Compilation album by Wink
- Released: November 1, 1990
- Recorded: 1988–1990
- Genres: J-pop; dance-pop;
- Language: Japanese
- Label: Polystar
- Producer: Haruo Mizuhashi

Wink chronology
| Velvet (1990) | Wink Hot Singles (1990) | Crescent (1990) |

Singles from Wink Hot Singles
- "Amaryllis" Released: September 7, 1988;

= Wink Hot Singles =

Wink Hot Singles (ウィンク・ホット・シングルズ, Uinku Hotto Shinguruzu) is the first compilation album by Japanese idol duo Wink, released by Polystar on November 1, 1990. It covers the duo's singles from 1988 to 1990 and features a remix medley as the final track. A limited edition release included an 8 cm mini disc with two bonus tracks.

The album peaked at No. 5 on Oricon's albums chart and sold over 203,000 copies.
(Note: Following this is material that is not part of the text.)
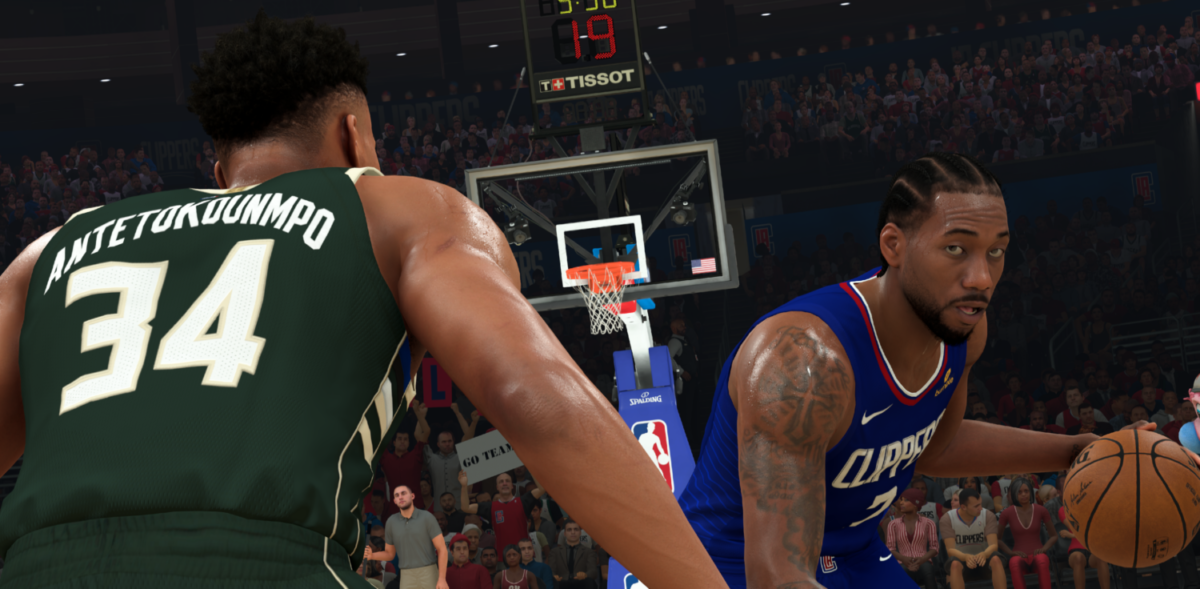 Nba 2K21 Demo For Current Gen Out Now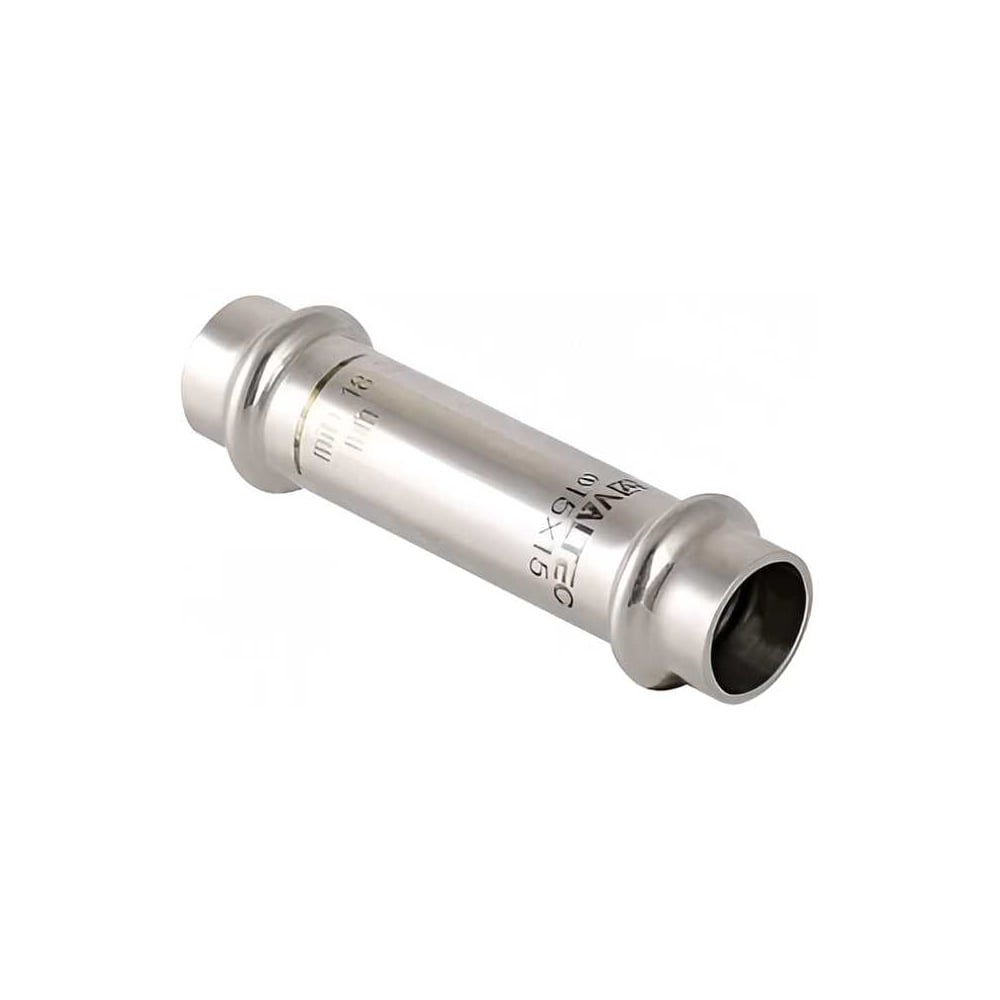 Изображение товара Муфта надвижная ООО ПКФ Сварком 35х35 нержавеющая сталь СанТех s053626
It was also certified Gold by the RIAJ.

== Track listing ==

CD
| No. | Title | Lyrics | Music | Arrangement | Length |
|---|---|---|---|---|---|
| 1. | "Sugar Baby Love" | Joe Lemon | Wayne Bickerton; Tony Waddington; | Shirō Sagisu | 3:52 |
| 2. | "Amaryllis" (Amaririsu (アマリリス)) | Yukinojo Mori | Ken Satō | Shigeru Suzuki | 3:54 |
| 3. | "Ai ga Tomaranai (Turn It into Love)" ((愛が止まらない 〜TURN IT INTO LOVE〜; "Love Doesn't Stop ~Turn It into Love~")) | Neko Oikawa | Mike Stock; Matt Aitken; Pete Waterman; | Motoki Funayama | 3:32 |
| 4. | "Namida wo Misenai de (Boys Don't Cry)" ((涙をみせないで～Boys Don't Cry～; "Don't Show Your Tears")) | Oikawa | Matjaž Kosi | Funayama | 3:44 |
| 5. | "Samishii Nettaigyo" ((淋しい熱帯魚; "Lonely Tropical Fish")) | Oikawa | Masaya Ozeki | Funayama | 4:29 |
| 6. | "One Night in Heaven (Mayonaka no Angel)" ((One Night In Heaven 〜真夜中のエンジェル〜; "One Night in Heaven ~Midnight Angel~")) | Takashi Matsumoto | Steve Lironi; Dan Navarro; | Funayama | 4:06 |
| 7. | "Sexy Music" | Oikawa | Ben Findon; Mike Myers; Bob Puzey; | Satoshi Kadokura | 3:41 |
| 8. | "Yoru ni Hagurete (Where Were You Last Night)" ((夜にはぐれて 〜Where Were You Last Night〜)) | Oikawa | Norell Oson Bard | Kadokura | 4:25 |
| 9. | "Non-Stop Mix" | See below |  | Hiroaki Sugawara; Kunihiko Imai; | 11:01 |

Non-Stop Mix
| No. | Title | Lyrics | Music | Length |
|---|---|---|---|---|
| 1. | "Ginsei Club (I'm in Mood for Dancing)" ((銀星倶楽部 〜I'm In Mood For Dancing〜)) | Sayako Morimoto | Findon; Myers; Puzey; |  |
| 2. | "Samishii Nettaigyo" |  |  |  |
| 3. | "Ai ga Tomaranai (Turn It into Love)" |  |  |  |
| 4. | "Sugar Baby Love" |  |  |  |
| 5. | "Yoru ni Hagurete (Where Were You Last Night)" |  |  |  |
| 6. | "Namida wo Misenai de (Boys Don't Cry)" |  |  |  |

Limited Edition bonus CD
| No. | Title | Lyrics | Music | Arrangement | Length |
|---|---|---|---|---|---|
| 1. | "Omoide wo Aishiteta" ((思い出を愛してた; "I Love Memories")) | Morimoto | Hitoshi Haba | Funayama |  |
| 2. | "Omoide wo Aishiteta" (Original Karaoke) |  |  |  |  |

==Charts==

| Chart (1990) | Peak position |
|---|---|
| Japanese Albums (Oricon) | 5 |

== Certification ==

| Region | Certification | Certified units/sales |
| Japan (RIAJ) | Gold | 200,000^{^} |
^{^} Shipments figures based on certification alone.